The two approaches serve different moments in the operational workflow. The digital twin is the starting point: "something looks wrong in Zone B." The dashboard is the deep dive: "let me plot the last 48 hours of vibration data for Motor 7 and compare it against the bearing replacement schedule."
A typical integration architecture works like this: IoT sensors, SCADA tags, and BMS points all feed into the digital twin platform. The digital twin provides the spatial overview and contextual alerting. For detailed historical analysis, engineers pull the same underlying data into Grafana or Power BI and build the specific visualizations they need. Both systems read from the same data sources — they present the data differently.
The digital twin does not need to replace existing Grafana or Power BI installations. Teams that have spent months building dashboards can keep them. The digital twin adds the spatial layer alongside them. Once the digital twin is available, teams tend to use dashboards less for general monitoring but still rely on them for historical analysis and reporting [5].
For facilities under 2,000 m² with a single production process and few data sources, dashboards may be sufficient on their own. The spatial advantage of a digital twin becomes most apparent in multi-zone facilities (5,000 m²+) with data from 3 or more systems (SCADA, BMS, IoT, WMS) where cross-system visibility matters.
How Teams Typically Adopt
You do not rip out your dashboards. You deploy the digital twin alongside them and let the team find its natural balance. Start with the area where operators currently switch between the most screens. Upload the floor plan, connect the same data sources your dashboards use, and let the team compare both views.
The starting point is usually the zone with the most monitoring complexity. If operators routinely flip between four or more dashboards to understand conditions in one physical area, that area will benefit most from a spatial view.
Deployment follows a predictable timeline. For a 5,000 m² facility: floor plan upload and sensor mapping takes 1-3 days. Connecting existing data sources (the same ones feeding your Grafana or Power BI) takes another 1-2 days. Initial deployment is typically live within the first week.

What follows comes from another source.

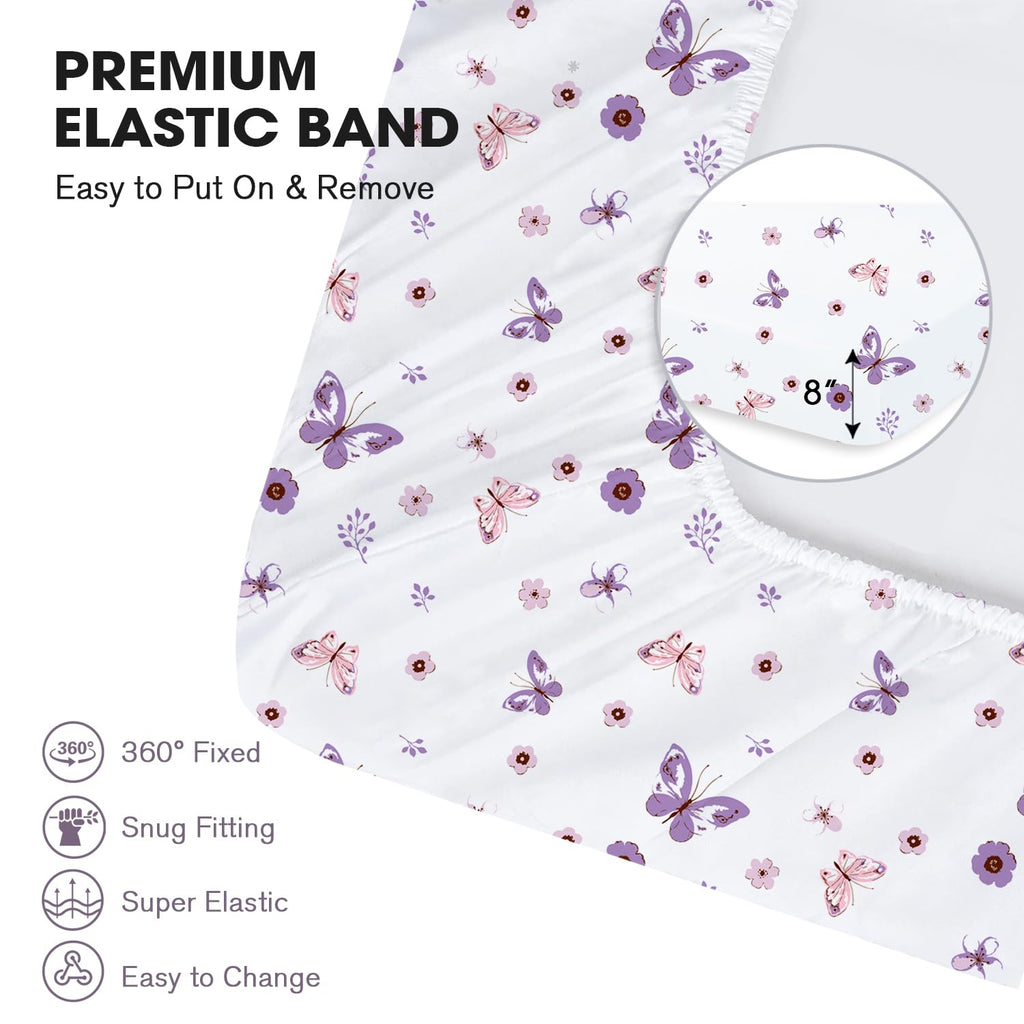 Little Grape Land Crib Sheets Girl 4 Pack, Baby Crib Sheets for Standard Crib & Toddler Mattress, Super Soft Breathable Crib Sheet Set for Girls, Floral & Butterfly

The data architecture does not change. If your sensors currently write to InfluxDB and Grafana reads from InfluxDB, the digital twin also reads from InfluxDB or from the sensor gateway directly. No data migration is required. The digital twin is an additional consumer of the same data streams.
Teams typically go through a natural adoption curve. During the first two weeks, operators check both the dashboards and the digital twin. By week three or four, floor-level monitoring shifts predominantly to the digital twin because it is faster for spatial questions. Historical deep dives and reporting remain on dashboards because that is what dashboards do best.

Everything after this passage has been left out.